David Sakurai Iron Fist Fantastic Beasts
The first sequel to Fantastic Beasts & Where to Find Them has just added a new player to the movie’s cast – Iron Fist actor David Sakurai.

Deadline is reporting that Sakurai has joined the Harry Potter prequel as a supporting member of the cast. Sakurai will be playing Krall, who serves as one of several henchmen to the dark wizard Gellert Grindelwald (Johnny Depp).

A plot summary for the Fantastic Beasts sequel was previously released by Warner Brothers, which can be read below:

“J.K. Rowling wrote the screenplay for [Fantastic Beasts 2], which opens in 1927, a few months after Newt helped to unveil and capture the infamous Dark wizard Gellert Grindelwald. However, as he promised he would, Grindelwald has made a dramatic escape and has been gathering more followers to his cause—elevating wizards above all non-magical beings. The only one who might be able to stop him is the wizard he once called his dearest friend, Albus Dumbledore. But Dumbledore will need help from the wizard who had thwarted Grindelwald once before, his former student Newt Scamander. The adventure reunites Newt with Tina, Queenie and Jacob, but his mission will also test their loyalties as they face new perils in an increasingly dangerous and divided wizarding world. [Fantastic Beasts 2] expands the wizarding world, moving from New York to London and on to Paris. There are also some surprising nods to the Harry Potter stories that will delight fans of the books and film series.”
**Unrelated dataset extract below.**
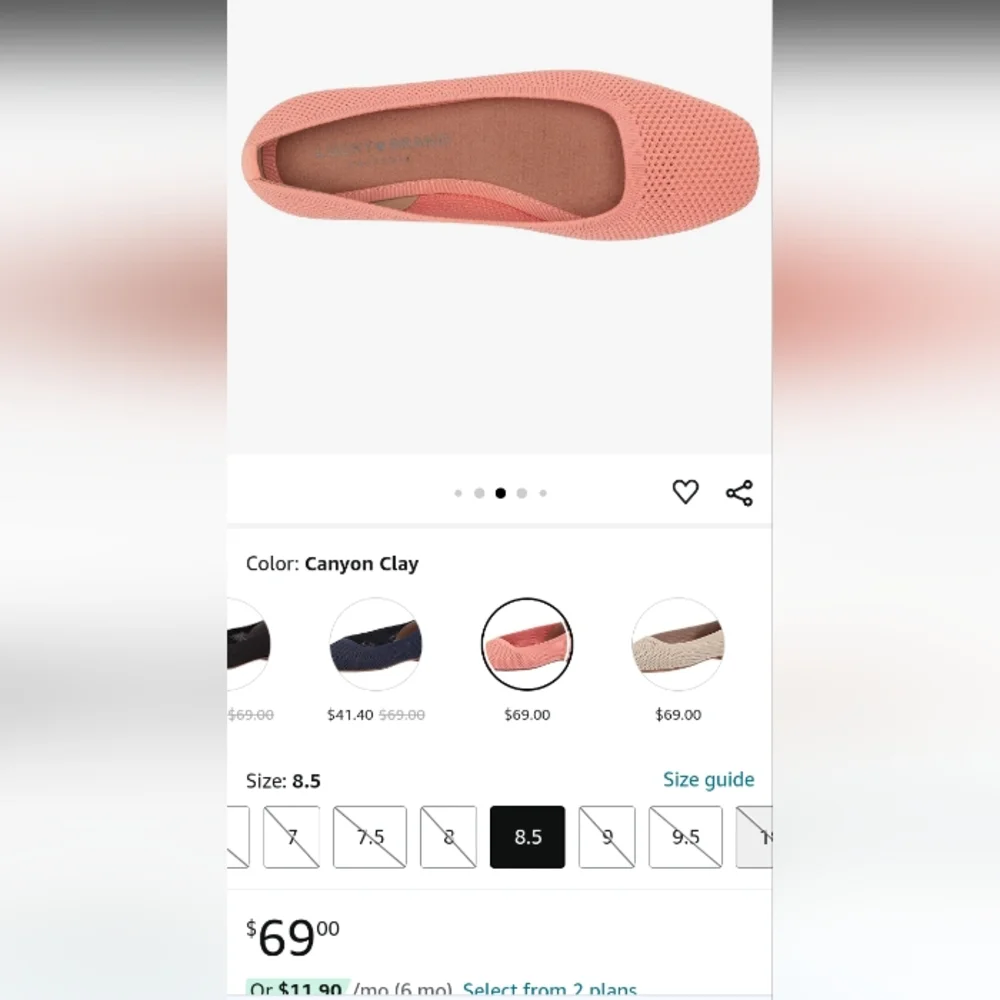 Lucky Brand Ballet Flats - Picture 3 of 8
Fantastic Beasts 2 is set to start a spellbinding adventure on November 16, 2018. Eddie Redmayne, Katherine Waterston, Alison Sudol, Dan Fogler, Johnny Depp, and Ezra Miller are returning, with new additions to the cast including Jude Law, Zoë Kravitz, Callum Turner, David Sakurai, and Claudia Kim.

Source: Deadline

10 Book-To-Film Adaptations That Succeeded (And 15 That Failed)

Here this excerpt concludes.